Pfizer On Why Treasury Is Wrong

The CEO of Pfizer has weighed in on Treasury’s inversion-quashing rules change in an op-ed at the Wall Street Journal. Here’s his peroration:

Companies like Pfizer and Allergan contribute to the communities in which we operate. To be pilloried as “deserters” when we are trying to stay competitive on a global stage so that we can continue to invest in the U.S. is wrongheaded. Government policy should encourage investment certainty and job creation. Combining these two businesses would have had a positive impact on the lives and livelihoods of many people.

While the Treasury’s proposal is a shot at Pfizer and Allergan, this unilateral action will hurt other companies as well. If the rules can be changed arbitrarily and applied retroactively, how can any U.S. company engage in the long-term investment planning necessary to compete? The new “rules” show that there are no set rules. Political dogma is the only rule.

The editors of the WSJ chime in:

He’s right, as every CEO we know will admit privately. This politicization has spread across most of the economy during the Obama years, as regulators rewrite longstanding interpretations of longstanding laws in order to achieve the policy goals they can’t or won’t negotiate with Congress. Telecoms, consumer finance, for-profit education, carbon energy, auto lending, auto-fuel economy, truck emissions, home mortgages, health care and so much more.

Capital investment in this recovery has been disappointingly low, and one major reason is political intrusion into every corner of business decision-making. To adapt Mr. Read, the only rule is that the rules are whatever the Obama Administration wants them to be. The results have been slow growth, small wage gains, and a growing sense that there is no legal restraint on the political class.

I’m of mixed mind on this subject. While I tend to agree with Mr. Reed’s argument as expressed in the quoted passage, I’m not particularly sympathetic with Big Pharma.

Patents are government-granted monopolies. Big Pharma lives and dies by patents. As such they are creatures of the government.
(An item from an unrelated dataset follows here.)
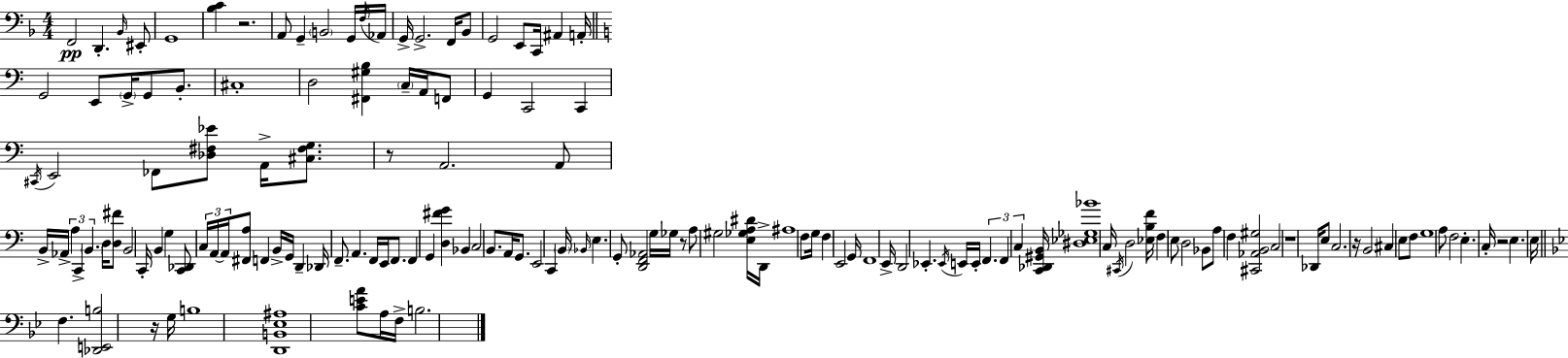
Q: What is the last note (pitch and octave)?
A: B3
When you take the king’s shilling, you are the king’s man. As such the best advice is kwitcherbellykin.

Let’s not lose sight of the reality that our present tax law is antiquated, in need of reform, and out of step with international norms and standards. If it weren’t out of step with international norms and standards, there wouldn’t be any opportunities for the kind of leveraging that inversions provide.

Treasury’s actions are not motivated by patriotism, zeal for the law, or fiscal reality but by politics. Corporate taxes are inefficient. That’s not really in dispute. If you want to increase revenues, increase the personal income tax. The primary reason we have corporate taxes is not fiscal but political. Corporations not paying their fair share makes for good stump speeches.
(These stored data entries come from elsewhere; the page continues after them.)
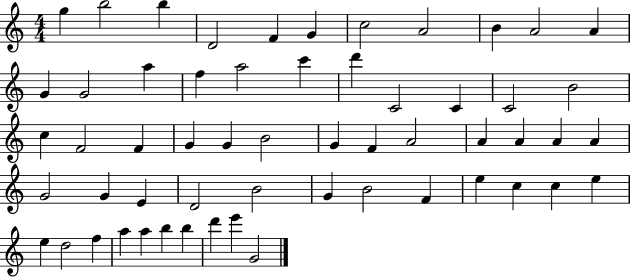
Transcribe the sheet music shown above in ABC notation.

X:1
T:Untitled
M:4/4
L:1/4
K:C
g b2 b D2 F G c2 A2 B A2 A G G2 a f a2 c' d' C2 C C2 B2 c F2 F G G B2 G F A2 A A A A G2 G E D2 B2 G B2 F e c c e e d2 f a a b b d' e' G2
What I’d like to see is a little more emphasis on how we’re going to improve economic growth and job creation. Don’t just tell me “infrastructure spending”. That’s no more a magic talisman than “free trade” is. Modern infrastructure projects don’t involve getting together crews of unskilled labor out of the ranks of the unemployed. They’re a process of letting government contracts to one or more of a handful of preferred vendors who’ve already hired their crews and bought their equipment.

3 comments… add one
  • Moosebreath Link

    “Companies like Pfizer and Allergan contribute to the communities in which we operate.”

    Except the whole point of inversion transactions is to reduce the corporation’s contributions to the community. While I agree that the corporate tax code needs reform, that is not the same as reducing total tax revenue and shifting the burden to the lower 99% either through higher taxes or reduced government services (which seems to be the overriding goal of the WSJ).

  • While I agree that the corporate tax code needs reform, that is not the same as reducing total tax revenue and shifting the burden to the lower 99% either through higher taxes or reduced government services (which seems to be the overriding goal of the WSJ).

    If you want to reduce the burden on those who aren’t in the top 1% of income earners, you should want to eliminate the corporate income tax and increase the highest marginal rate on the personal income tax. Corporate income taxes account for about 11% of total federal revenue and are passed along to consumers in the form of higher prices.

  • Moosebreath Link

    “If you want to reduce the burden on those who aren’t in the top 1% of income earners, you should want to eliminate the corporate income tax and increase the highest marginal rate on the personal income tax. Corporate income taxes account for about 11% of total federal revenue and are passed along to consumers in the form of higher prices.”

    That works for me, but somehow that is never on the table when people talk about tax reform. If you think Reed or the editors of the WSJ would support raising the tax burden on the upper 1% by 11% of current federal revenue (or even at all) in exchange for eliminating the corporate tax, then you are simply delusional. They want corporate taxes reduced as a way of shifting the tax burden downwards.